Hurricane Ian help, ACT scores drop, FHSAA form changes, mental health resources and more

Around the state: Enrollment help is being offered to families in the wake of Hurricane Ian, a jury began deliberations in the Nikolas Cruz trial, a FHSAA form sparks controversy and leads to changes, ACT scores hit their lowest point in three decades and community leaders participated in National Walk to School Day events. Here are details about those stories and other developments from the state’s districts, private schools and colleges and universities:

Broward: Jurors will continue deliberations today to decide whether to sentence Nikolas Cruz to life in prison or recommend he be put to death for the Valentine’s Day shooting at Marjory Stoneman Douglas High School in 2018. Deliberation began on Tuesday, but a decision was not reached. WPLG. WFOR. WFTSFox 13.  WFLA.

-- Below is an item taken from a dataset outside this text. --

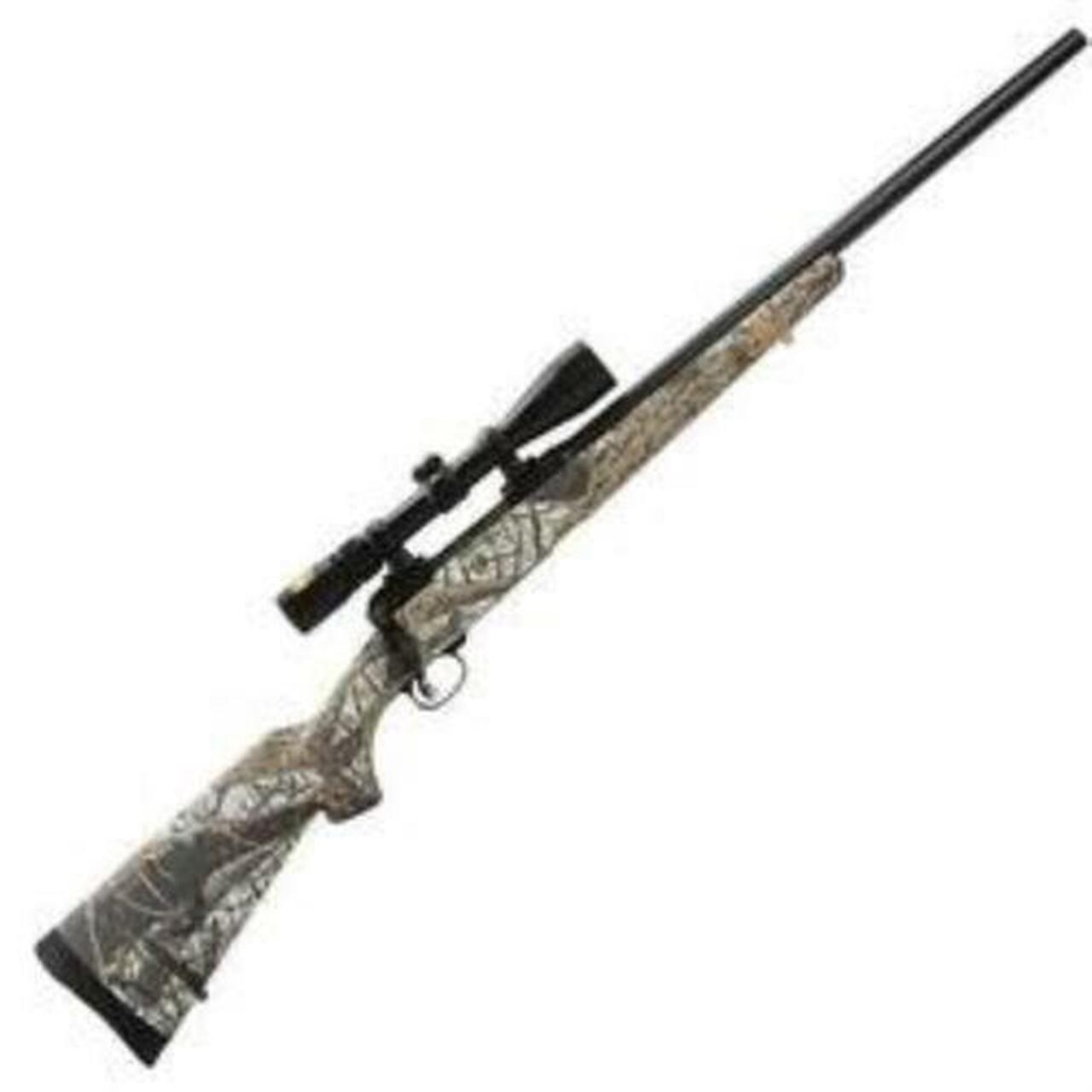 Savage 11 Trophy Predator Hunter Bolt 22-250Rem 22″ Barrel, Snow Camo Wood Stock, 4rd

Hillsborough: School officials here are enhancing mental health outreach efforts for students. The district on Wednesday announced two new measures, which include a centralized information source on Clever, a web platform students use for their classes, and brochures on key topics that will be displayed in all middle and high schools. District staff created the materials in consultation with a student advisory committee. Anxiety was an overriding issue, as well as peer and social conflicts, according to surveys and committee members. Tampa Bay Times.

Duval:  Plans are underway to renovate Old Stanton High School, which had been closed to students for five decades. The goal is to preserve the past for the first high school built in Florida for African Americans. Action News Jax.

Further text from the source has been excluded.